当時公式戦を開催できる基準の会場が広島県内には少なかったため、学校や企業のグラウンドを会場にした試合は珍しくなかった。福山三菱電機グラウンドや大竹警察学校グラウンドでの開催もある。
そのわずか12日後の4月12日、今度は広島総合球場を舞台にした同じカードで、広島の選手のホームランをめぐってファンがグラウンドに乱入し、小西監督と審判に暴行を加えるハプニングがあった。

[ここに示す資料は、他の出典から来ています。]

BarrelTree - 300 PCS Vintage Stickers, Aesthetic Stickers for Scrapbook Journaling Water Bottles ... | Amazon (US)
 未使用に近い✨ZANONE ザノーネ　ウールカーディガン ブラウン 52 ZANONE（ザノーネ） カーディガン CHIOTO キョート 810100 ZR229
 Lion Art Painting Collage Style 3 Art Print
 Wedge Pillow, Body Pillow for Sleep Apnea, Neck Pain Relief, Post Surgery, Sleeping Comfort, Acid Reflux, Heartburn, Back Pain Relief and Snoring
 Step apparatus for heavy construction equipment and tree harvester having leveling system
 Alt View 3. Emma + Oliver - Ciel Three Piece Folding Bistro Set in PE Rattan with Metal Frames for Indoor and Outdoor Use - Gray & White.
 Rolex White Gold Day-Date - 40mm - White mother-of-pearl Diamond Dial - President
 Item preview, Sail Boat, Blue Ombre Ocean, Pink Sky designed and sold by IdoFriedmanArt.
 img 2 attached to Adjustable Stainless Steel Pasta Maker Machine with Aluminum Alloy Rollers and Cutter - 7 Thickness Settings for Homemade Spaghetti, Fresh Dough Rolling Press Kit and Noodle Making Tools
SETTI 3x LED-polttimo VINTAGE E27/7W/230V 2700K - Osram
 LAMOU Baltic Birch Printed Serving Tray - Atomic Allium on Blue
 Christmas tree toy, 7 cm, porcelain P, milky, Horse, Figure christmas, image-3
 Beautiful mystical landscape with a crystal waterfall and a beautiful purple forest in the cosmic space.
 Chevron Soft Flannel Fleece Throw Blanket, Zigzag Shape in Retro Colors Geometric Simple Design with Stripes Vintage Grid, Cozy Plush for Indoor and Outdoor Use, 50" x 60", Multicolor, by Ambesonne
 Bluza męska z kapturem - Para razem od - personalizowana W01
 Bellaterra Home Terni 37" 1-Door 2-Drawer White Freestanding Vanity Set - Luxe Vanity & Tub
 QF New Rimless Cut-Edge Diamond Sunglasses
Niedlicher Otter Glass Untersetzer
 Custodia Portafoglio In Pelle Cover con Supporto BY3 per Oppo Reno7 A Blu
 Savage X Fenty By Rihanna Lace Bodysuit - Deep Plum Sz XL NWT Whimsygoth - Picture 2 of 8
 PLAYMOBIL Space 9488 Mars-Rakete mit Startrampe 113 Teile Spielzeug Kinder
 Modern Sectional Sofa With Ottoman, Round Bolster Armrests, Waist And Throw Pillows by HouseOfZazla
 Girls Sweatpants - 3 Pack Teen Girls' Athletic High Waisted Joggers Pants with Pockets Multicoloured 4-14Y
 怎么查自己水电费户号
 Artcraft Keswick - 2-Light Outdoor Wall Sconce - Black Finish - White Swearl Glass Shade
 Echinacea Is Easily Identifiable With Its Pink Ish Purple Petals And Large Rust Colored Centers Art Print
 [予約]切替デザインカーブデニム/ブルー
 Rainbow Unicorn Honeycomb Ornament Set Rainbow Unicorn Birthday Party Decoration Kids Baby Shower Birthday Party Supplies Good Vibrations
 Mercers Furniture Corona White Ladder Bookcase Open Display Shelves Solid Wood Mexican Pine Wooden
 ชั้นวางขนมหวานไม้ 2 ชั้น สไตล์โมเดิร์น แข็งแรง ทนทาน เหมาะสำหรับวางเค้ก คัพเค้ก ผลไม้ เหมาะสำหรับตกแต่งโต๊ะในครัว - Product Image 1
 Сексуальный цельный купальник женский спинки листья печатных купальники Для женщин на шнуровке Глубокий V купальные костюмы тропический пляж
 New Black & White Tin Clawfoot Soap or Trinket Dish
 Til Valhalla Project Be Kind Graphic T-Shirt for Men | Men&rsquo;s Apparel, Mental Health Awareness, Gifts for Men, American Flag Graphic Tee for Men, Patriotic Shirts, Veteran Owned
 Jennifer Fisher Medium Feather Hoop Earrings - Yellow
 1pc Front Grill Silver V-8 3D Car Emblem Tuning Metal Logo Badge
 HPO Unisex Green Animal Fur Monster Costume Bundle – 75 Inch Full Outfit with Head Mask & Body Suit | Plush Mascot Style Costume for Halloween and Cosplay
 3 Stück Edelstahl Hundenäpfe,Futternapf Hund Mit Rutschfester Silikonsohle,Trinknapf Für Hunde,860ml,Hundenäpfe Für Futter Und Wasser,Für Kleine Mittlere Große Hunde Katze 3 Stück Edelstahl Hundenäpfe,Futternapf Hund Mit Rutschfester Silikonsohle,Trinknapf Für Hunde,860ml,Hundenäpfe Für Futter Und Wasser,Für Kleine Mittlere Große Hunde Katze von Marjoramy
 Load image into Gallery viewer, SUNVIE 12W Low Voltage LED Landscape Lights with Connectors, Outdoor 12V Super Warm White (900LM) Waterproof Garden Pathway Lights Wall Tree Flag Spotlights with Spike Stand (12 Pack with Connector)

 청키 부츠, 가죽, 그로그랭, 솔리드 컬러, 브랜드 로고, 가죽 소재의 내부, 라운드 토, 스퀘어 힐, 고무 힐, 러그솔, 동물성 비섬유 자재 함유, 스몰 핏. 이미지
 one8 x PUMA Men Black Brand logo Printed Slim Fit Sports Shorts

1949年の球団創設から現在に至るまでの特筆すべき事項として完全試合を献上する率が12球団一高い(楽天加盟の現行方式はもちろん、大阪近鉄が存在していた時代も含めて)事で知られている。広島がはじめて完全試合を献上したのは1956年9月19日の国鉄(現:ヤクルト)戦で宮地惟友に達成されたのが最初。1966年5月1日の大洋(現:横浜)戦で佐々木吉郎に達成されて2度目。そして1994年5月18日の巨人戦で槙原寛己に達成され中日と並んでワーストトップタイだったのが単独トップとなってしまったのである。しかしただ達成されただけではなく達成した選手もいて外木場義郎が1968年9月14日に達成しているがその相手は2番目のゲームでの達成者、佐々木吉郎がいた大洋である。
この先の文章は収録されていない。